When you say noise, can you describe it? Is it a squeal, clicking, squeak ?


----------



## jamisiaszek (Feb 14, 2014)

It sounds like a bearing noise, last night I noticed that in RL the forward clutch spins. I felt the clutch while it was spinning and there is def a bearing that needs attention. Tonight im going to check into it more. Does this make sense, would that bearing cause this type of noise only in reverse L???


----------



## Fluid (Nov 28, 2013)

It just might be that the reverse clutch needs some grease also. When I work on just one clutch, the other starts giving me trouble. I have adjusted the forward clutch, take the tractor for a short test ride and find the reverse clutch needs adjusting. I've found its always good to work (adjust or grease) on both or the clutch system (forward/reverse) because the two work and are tied together. I hope I'm making sense to you.


----------



## clydewater (Jan 2, 2016)

*816 has virbration and noise when in low gear reverse only.*

Hi
Did you ever solve the problem with your transmission makeing a noise when in low reverse? Mine started doing the same thing today. It is fine in high reverse. Mine almost makes a shuddering vibration and noise.
Any help would be appreciated.
Thanks


----------



## wjjones (May 28, 2010)

It sounds like slack somewhere if its shuddering, and making a noise. Could be worn shims in the assembly they will leave shavings behind after getting chewed away.

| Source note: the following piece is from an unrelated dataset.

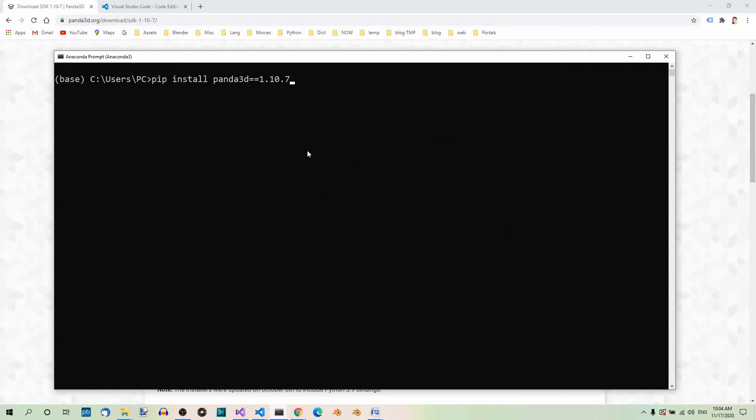Well, I'm not going to install Panda 3D now because it's already installed on my computer. Anyway, this method can be used if you already have Python installed on your computer, which is very probable. If you don't, using the installer would be more appropriate as it will install the Python interpreter as well.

Have you tore it down yet?


----------



## clydewater (Jan 2, 2016)

Hi
I have not taken it apart yet as I need it for the winter for the snow blower.
I will check the fluid next weekend when I am back in Vermont where the tractor is at my father's house.
If it is not making noise when in High Reverse, do you think I am doing damage when using it?
It all started when I had to tow it out of a snow bank. The forward / reverse level was in neutral, but it was still in 3rd low. 

It was only towed about 50 feet at slow speed.
Never a dull moment.
Thanks for the reply
Rich


----------